Illustration: Maura Losch/Axios
Arizona is on track to have 30% fewer OB-GYNs than needed by 2030, according to a U.S. Department of Health and Human Services study from 2021.
- Doctors worry the shortage could be even more severe now that the state will enforce restrictive abortion laws that penalize doctors for terminating pregnancies.
Why it matters: OB-GYNs focus specifically on women's health care, even beyond pregnancy.
- They treat endometriosis and polycystic ovary syndrome, diagnose and treat cervical and ovarian cancers, prescribe birth control, address infertility and attend to yeast and urinary tract infections.
What's happening: Many of Arizona's OB-GYNs are reaching retirement age while fewer doctors are going into the field, according to a 2019 study by Doximity, the country's largest medical network.
By the numbers: More than 30% of OB-GYNs in Arizona were older than 55 in 2019, according to Doximity.
- About 52% were ages 40-55.
- Just 18% were under 40 years old.
Most states anticipate similar OB-GYN shortages, but states that have adopted stricter abortion laws following the Supreme Court's reversal of Roe v. Wade may fall even farther behind, some experts say.
The future of abortion legislation in Arizona is still unclear.
- Arizona Attorney General Mark Brnovich supports enforcing a 158-year-old territorial law that mandates prison time for physicians who perform abortions at any stage of pregnancy, with very few exceptions.

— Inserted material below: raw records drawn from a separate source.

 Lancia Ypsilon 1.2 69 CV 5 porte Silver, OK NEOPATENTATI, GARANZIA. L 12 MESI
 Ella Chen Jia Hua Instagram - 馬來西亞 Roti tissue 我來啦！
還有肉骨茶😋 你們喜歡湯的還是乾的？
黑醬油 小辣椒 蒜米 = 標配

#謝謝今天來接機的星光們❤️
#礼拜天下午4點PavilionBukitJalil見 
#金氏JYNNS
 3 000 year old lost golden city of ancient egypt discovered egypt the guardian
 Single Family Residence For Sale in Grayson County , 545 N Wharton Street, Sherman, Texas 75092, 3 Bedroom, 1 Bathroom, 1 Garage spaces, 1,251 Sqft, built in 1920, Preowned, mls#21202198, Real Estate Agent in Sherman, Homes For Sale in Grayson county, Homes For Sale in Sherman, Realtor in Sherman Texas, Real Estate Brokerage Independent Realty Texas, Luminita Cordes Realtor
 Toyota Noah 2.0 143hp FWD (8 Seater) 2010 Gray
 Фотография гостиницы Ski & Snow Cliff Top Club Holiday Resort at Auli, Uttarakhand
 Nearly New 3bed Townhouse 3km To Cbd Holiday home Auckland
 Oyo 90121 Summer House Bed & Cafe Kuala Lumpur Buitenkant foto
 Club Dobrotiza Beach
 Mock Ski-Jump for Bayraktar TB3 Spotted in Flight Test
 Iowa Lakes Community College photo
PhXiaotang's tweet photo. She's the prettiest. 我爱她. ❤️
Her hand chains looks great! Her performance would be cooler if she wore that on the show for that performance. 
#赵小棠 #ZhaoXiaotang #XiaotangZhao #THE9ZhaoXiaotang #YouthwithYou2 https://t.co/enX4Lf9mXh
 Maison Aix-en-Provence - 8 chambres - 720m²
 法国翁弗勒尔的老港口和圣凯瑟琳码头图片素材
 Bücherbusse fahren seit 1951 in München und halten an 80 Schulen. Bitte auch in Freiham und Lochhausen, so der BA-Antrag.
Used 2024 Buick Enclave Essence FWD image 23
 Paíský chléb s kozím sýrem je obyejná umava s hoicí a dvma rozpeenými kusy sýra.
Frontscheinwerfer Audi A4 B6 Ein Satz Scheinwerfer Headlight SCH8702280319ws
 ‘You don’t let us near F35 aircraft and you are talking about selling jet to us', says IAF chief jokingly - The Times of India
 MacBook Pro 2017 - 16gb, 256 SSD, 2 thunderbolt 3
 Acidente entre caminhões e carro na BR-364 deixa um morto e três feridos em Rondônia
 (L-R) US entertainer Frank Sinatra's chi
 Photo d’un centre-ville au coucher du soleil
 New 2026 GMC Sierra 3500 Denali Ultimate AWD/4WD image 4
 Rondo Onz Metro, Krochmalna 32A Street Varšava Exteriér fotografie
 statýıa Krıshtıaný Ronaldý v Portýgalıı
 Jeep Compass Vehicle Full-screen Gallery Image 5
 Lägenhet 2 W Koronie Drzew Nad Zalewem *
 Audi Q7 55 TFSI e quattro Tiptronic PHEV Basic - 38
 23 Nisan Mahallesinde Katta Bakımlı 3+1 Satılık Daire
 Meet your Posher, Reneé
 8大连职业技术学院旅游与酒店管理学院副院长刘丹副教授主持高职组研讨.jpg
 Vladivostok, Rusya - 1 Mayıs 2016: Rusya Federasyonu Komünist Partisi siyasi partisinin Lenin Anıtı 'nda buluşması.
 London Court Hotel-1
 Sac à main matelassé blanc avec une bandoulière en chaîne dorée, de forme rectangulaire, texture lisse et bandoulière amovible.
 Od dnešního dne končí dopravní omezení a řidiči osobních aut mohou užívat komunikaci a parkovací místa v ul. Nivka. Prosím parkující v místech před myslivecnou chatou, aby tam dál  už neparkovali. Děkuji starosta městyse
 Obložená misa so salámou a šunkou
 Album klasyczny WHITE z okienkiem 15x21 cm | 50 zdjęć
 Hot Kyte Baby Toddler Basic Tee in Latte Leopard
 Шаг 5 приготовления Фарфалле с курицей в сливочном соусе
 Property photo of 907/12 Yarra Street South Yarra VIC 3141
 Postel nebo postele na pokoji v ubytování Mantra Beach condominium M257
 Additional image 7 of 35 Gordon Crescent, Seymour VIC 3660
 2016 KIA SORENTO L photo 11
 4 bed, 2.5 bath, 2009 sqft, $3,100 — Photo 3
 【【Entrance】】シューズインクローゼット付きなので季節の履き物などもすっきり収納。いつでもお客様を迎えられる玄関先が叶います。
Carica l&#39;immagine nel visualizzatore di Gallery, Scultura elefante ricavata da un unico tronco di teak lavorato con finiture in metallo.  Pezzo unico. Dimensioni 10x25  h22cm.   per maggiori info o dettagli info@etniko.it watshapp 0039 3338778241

- Other legal experts believe a newly passed law that bans abortions past 15 weeks will be the prevailing law.
Of note: Medical residencies are one of the most reliable pipelines for states to recruit doctors, with most physicians staying where they trained.
But medical students may not want to train in states like Arizona where they cannot practice abortions, says Dr. Mary Jacobson of Alpha Medical, an online medical provider for women.
- She says OB-GYN training will be "adversely affected" by laws that limit abortion.
- There are already reports that Texas lost residency applicants after enacting its abortion ban in September.
OB-GYNs currently practicing in the state may transfer to other places where the government doesn't interfere with "the patient-provider relationship," Jacobson says.
What she's saying: "I don't know that I would want to practice in a state that has restrictions. That would adversely affect how I feel. Women's reproductive rights would be limited and the scope of my practice therefore would be limited."